In practice, of course, you will not see a problem; and one
can argue that [3.8/7] is overspecified. The last item in the
list seems to be written with this->~T() in mind. (The example
that follows this provision in the current draft n2461 seems
to support that interpretation.)
I'm not sure that the problem is 3.8/7; I think that that
concerns complete objects. The problem here is that you are
destructing a subobject, without notifying the object it
contains. In practice, it would probably work with members, but
I don't see how a compiler could make it work for base classes;
the usual object model involves base and derived classes sharing
some (or all) of the vptr, for example.
In practice, it doesn't work with g++, Sun CC or VC++. Try the
following:
class B
{
public:
virtual ~B() {}
virtual void f() ;
B& operator=( B const& other ) ;
} ;
class D : public B
{
public:
virtual void f() ;
} ;
B&
B::operator=(
B const& other )
{
if ( this != &other ) {
this->B::~B() ;
new (this ) B( other ) ;
}
return *this ;
}
void
B::f()
{
std::cout << "B::f()" << std::endl ;
}
void
D::f()
{
std::cout << "D::f()" << std::endl ;
}
int main()
{
D aD ;
D* pD = &aD ;
std::cout << typeid( aD ).name() << std::endl ;
std::cout << "from obj.: " ;
aD.f() ;
std::cout << "from ptr.: " ;
pD->f() ;
aD = D() ;
std::cout << typeid( aD ).name() << std::endl ;
std::cout << "from obj.: " ;
aD.f() ;
std::cout << "from ptr.: " ;
pD->f() ;
return 0 ;
}
Not in particular the output of the last two lines, and that
you're calling f() on the *same* object in them. (If the code
were correct, of course, you'd get D::f() everywhere.)

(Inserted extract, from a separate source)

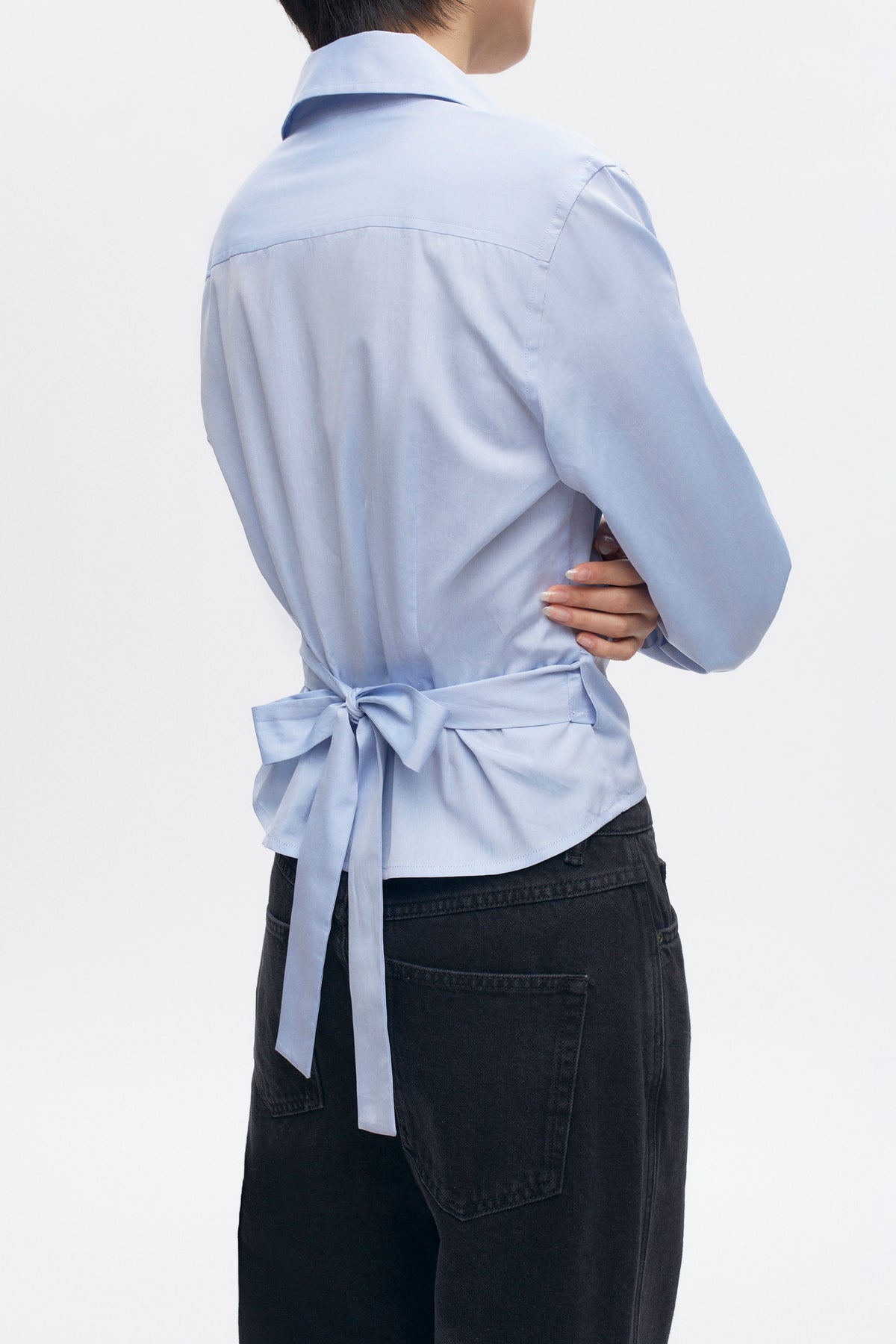 Chemise cache-cœur pour femme en air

(This is also true if the destructor of T isn't virtual, of
course.) And of course, After the new, you have an object of
the base class type; any use of it as the derived class it
originally was is undefined behavoir as well.
Huh? I am not following. The derived object is still there and
can be used as an object of the derived type.
No it can't. That's the problem. The derived object and its
base sub-objects are intimely linked; in all of the
implementations I know, for example, they share a vptr (and this
is definitly allowed by the standard).
The situation would be even worse if virtual inheritance were
involved, because the position of the virtual base class in the
complete object depends on the actual type---and is usually
determined by more or less the same mechanism as virtual
functions.
I don't see how its type (static or dynamic) could have
changed in the process.
Because the dynamic type of an object is determined by the last
constructor called on the memory which contains the object.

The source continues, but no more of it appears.